**Activity**
Return all the data verbatim but without images.

**Recorded data**
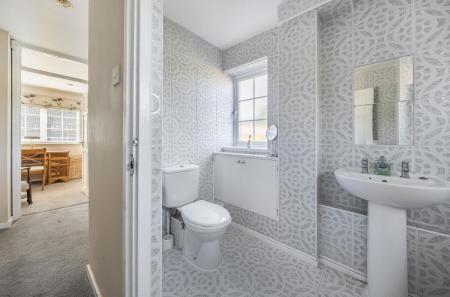 1349997-13-68cd4a...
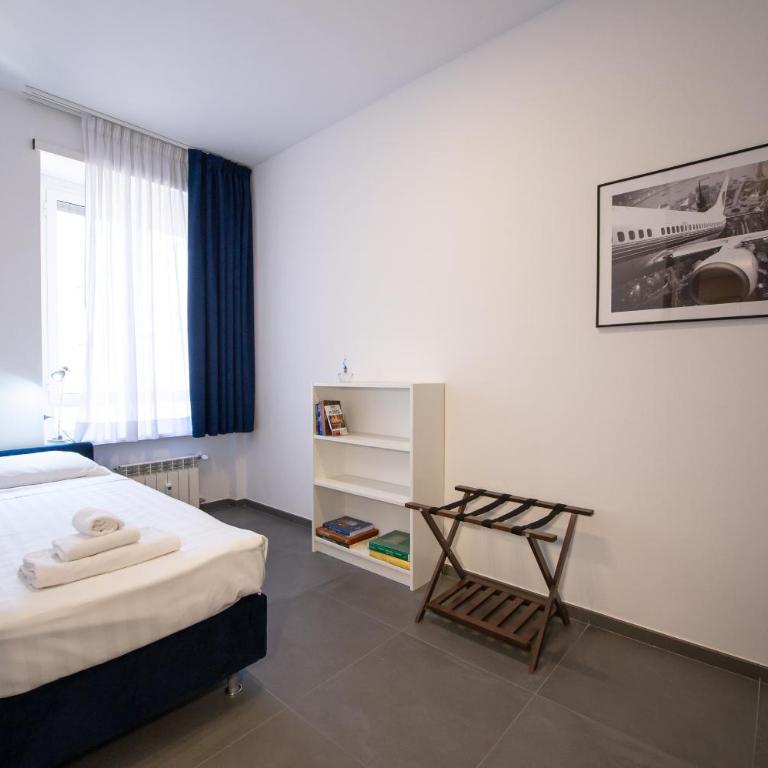 Clover - 13 Piazza Pio XI - Appartamento con 2 Camere da Letto - 3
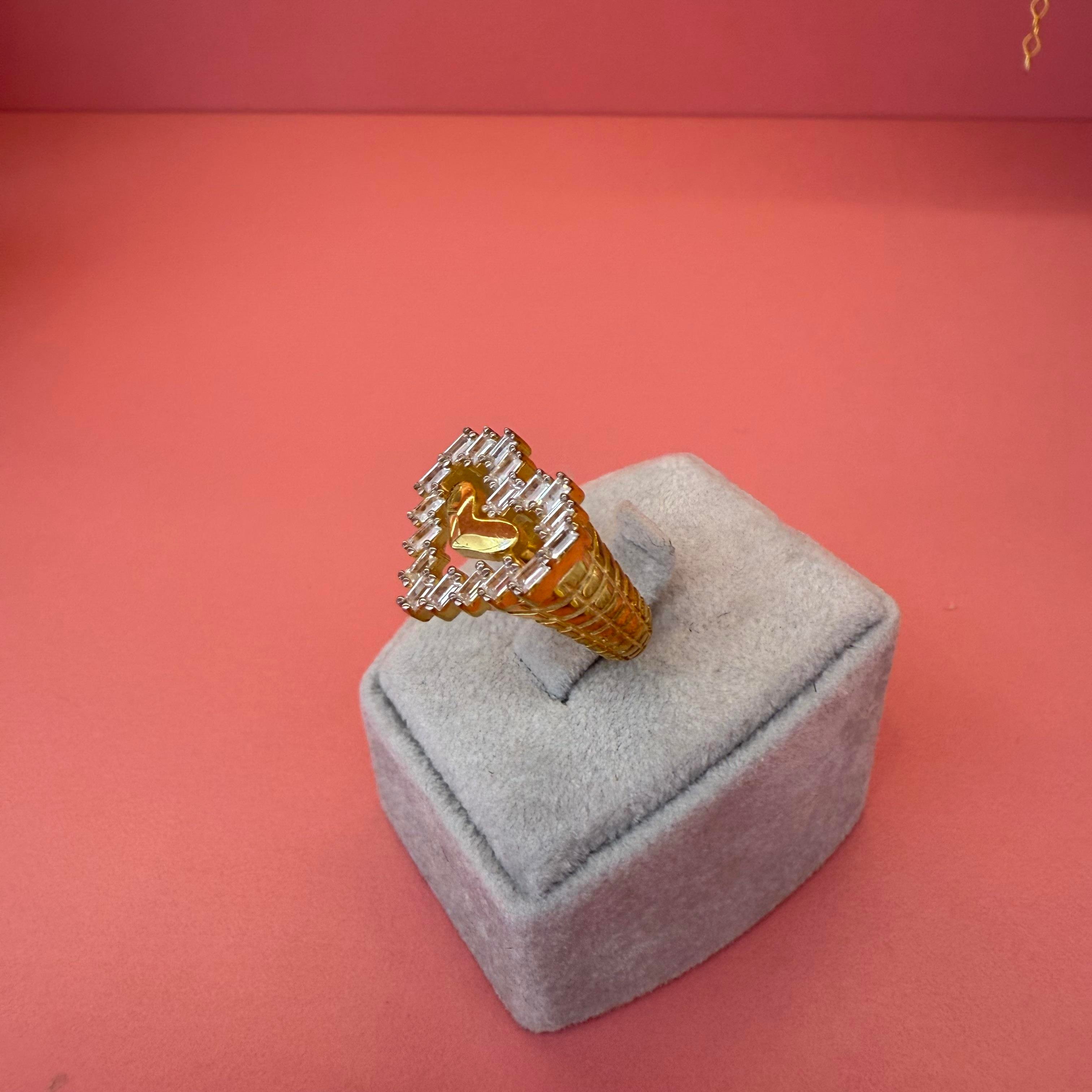 CARRIE HEART DIAMOND GOLD YÜZÜK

**Solution below**
 1349997-13-68cd4a...
 Clover - 13 Piazza Pio XI - Appartamento con 2 Camere da Letto - 3
 CARRIE HEART DIAMOND GOLD YÜZÜK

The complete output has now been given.